Indian Startups to Face More Pain as Funding Crunch Worsens

Indian Startups Struggle.

Investors Reckon with Stretched Valuations and Slow Growth.

Startups in India have been facing a funding squeeze in recent months, which has led to layoffs and delayed stock listings. According to data firm CB Insights, startups in India raised just $2 billion in the first quarter of 2023, a 75% decrease from the same period last year and the smallest quarterly number in nearly three years.

 

This slowdown is likely to worsen as investors reckon with stretched valuations and faltering consumption growth, leading to industry consolidation. The funding environment for Indian startups has been challenging in recent years, and this trend seems to be continuing in 2023.

 

At this run rate, startups may end up raising less than $10 billion this year, which is a far cry from the record $30 billion garnered in 2021 and $20 billion in 2022. This trend is a setback for startups as well as Prime Minister Narendra Modi, who has lauded their success by calling such companies the “backbone of new India.”

The funding squeeze could also hurt India’s economic growth and its jobs market. The slowdown in funding is a fundamental reset for Indian startups, and it is unlikely that we will see another record fund raise year like 2021 for at least a decade, according to Sequoia Capital.

The prospect of fast-rising consumption both offline and in India’s digital space helped many startups clock multi-billion-dollar valuations in recent years, with the likes of Sequoia and Tiger Global betting big on businesses that burnt cash to lure consumers in the country of 1.4 billion people.

However, global factors such as high rates and inflation have weighed on the investment climate in India and elsewhere. Startup funding in the US dropped by around half to $32.5 billion in the first quarter, while in China, it fell 60% to $5.6 billion.

Indian startups, which are far more reliant on foreign capital than global peers, have seen a more severe squeeze, which some executives say is also partly due to investors realizing that they misjudged consumption growth.

According to Indian VC firm Blume Ventures, consumption outside the top 30 million Indian households dropped sharply, and it is driven by a “tiny superuser set.” Despite India’s billion-plus population, food-delivery company Zomato has just 50 million annual transacting users, and state-backed digital money transfer service UPI is used by just 260 million, the report said.

This has led to investors and regulators raising questions on whether valuations of many startups were unrealistic.
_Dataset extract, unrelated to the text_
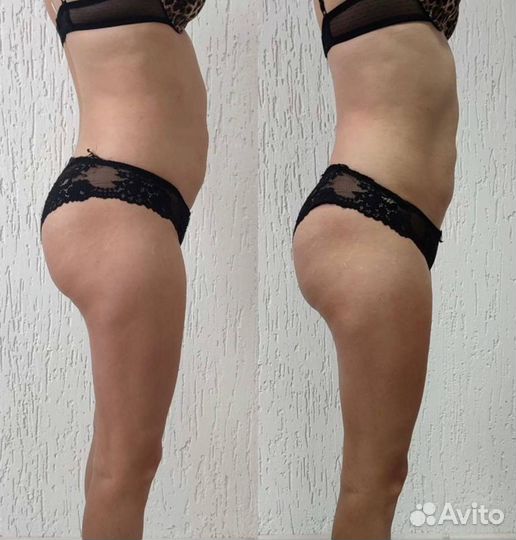 Аппаратный массаж (курс фигура песочные часы)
Since the flop listing of loss-making digital payments firm Paytm in 2021, investors and regulators have been questioning whether valuations of many startups were unrealistic. There are only 271 Indian startups that raised funding in Q1 2023, compared with 550+last year.

Startups in India are facing a funding squeeze, which is likely to worsen in the coming months. Investors are reckoning with stretched valuations and faltering consumption growth, leading to industry consolidation.

This slowdown is a setback for startups, the economy, and the jobs market in India. It remains to be seen how startups in India will adapt to this new funding environment and whether they will be able to bounce back in the coming years.